__What the task asks__
Retype the listing exactly, with no images.

__Data segment__

------------------------------------------------------------------------

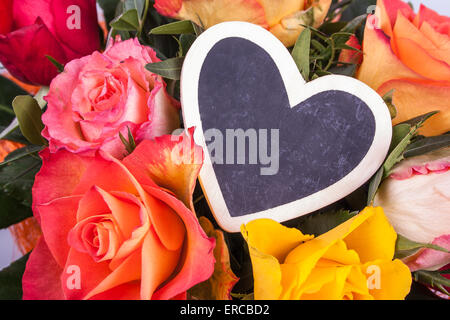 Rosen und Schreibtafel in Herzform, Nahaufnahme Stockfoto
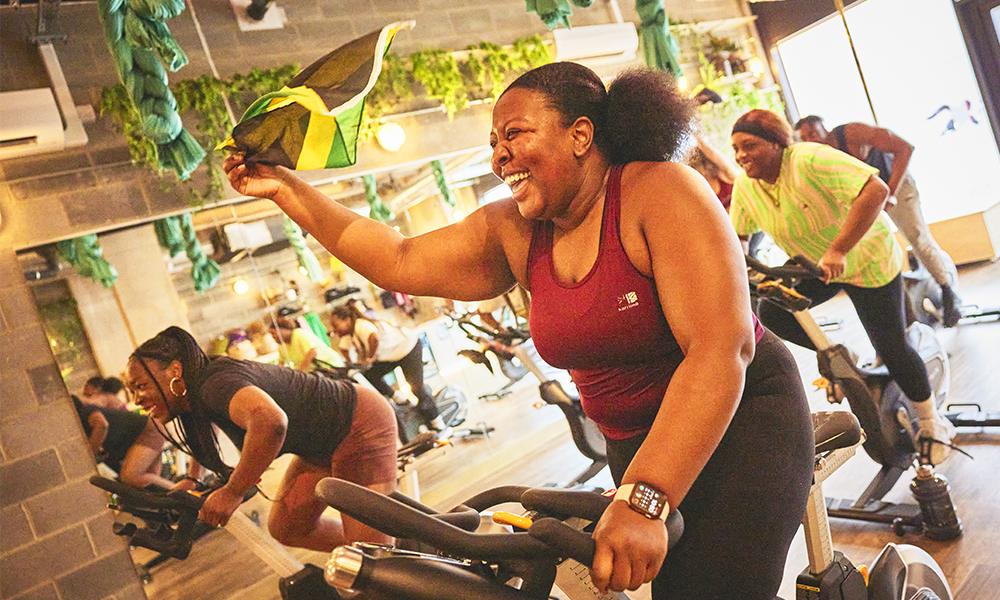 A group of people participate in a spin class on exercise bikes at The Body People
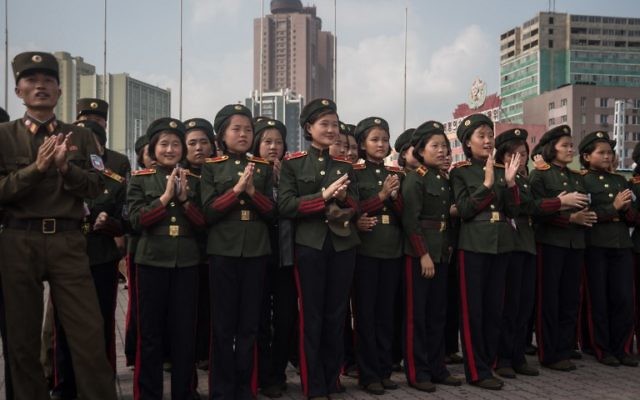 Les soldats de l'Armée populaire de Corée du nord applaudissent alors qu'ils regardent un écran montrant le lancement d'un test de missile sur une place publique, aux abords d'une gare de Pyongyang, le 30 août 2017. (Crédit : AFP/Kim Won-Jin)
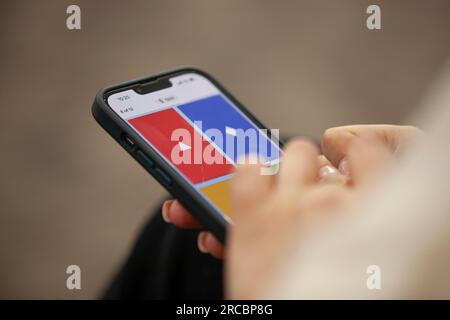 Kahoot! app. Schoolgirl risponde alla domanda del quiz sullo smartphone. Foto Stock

------------------------------------------------------------------------

__Response below__
 Rosen und Schreibtafel in Herzform, Nahaufnahme Stockfoto
 A group of people participate in a spin class on exercise bikes at The Body People
 Les soldats de l'Armée populaire de Corée du nord applaudissent alors qu'ils regardent un écran montrant le lancement d'un test de missile sur une place publique, aux abords d'une gare de Pyongyang, le 30 août 2017. (Crédit : AFP/Kim Won-Jin)
 Kahoot! app. Schoolgirl risponde alla domanda del quiz sullo smartphone. Foto Stock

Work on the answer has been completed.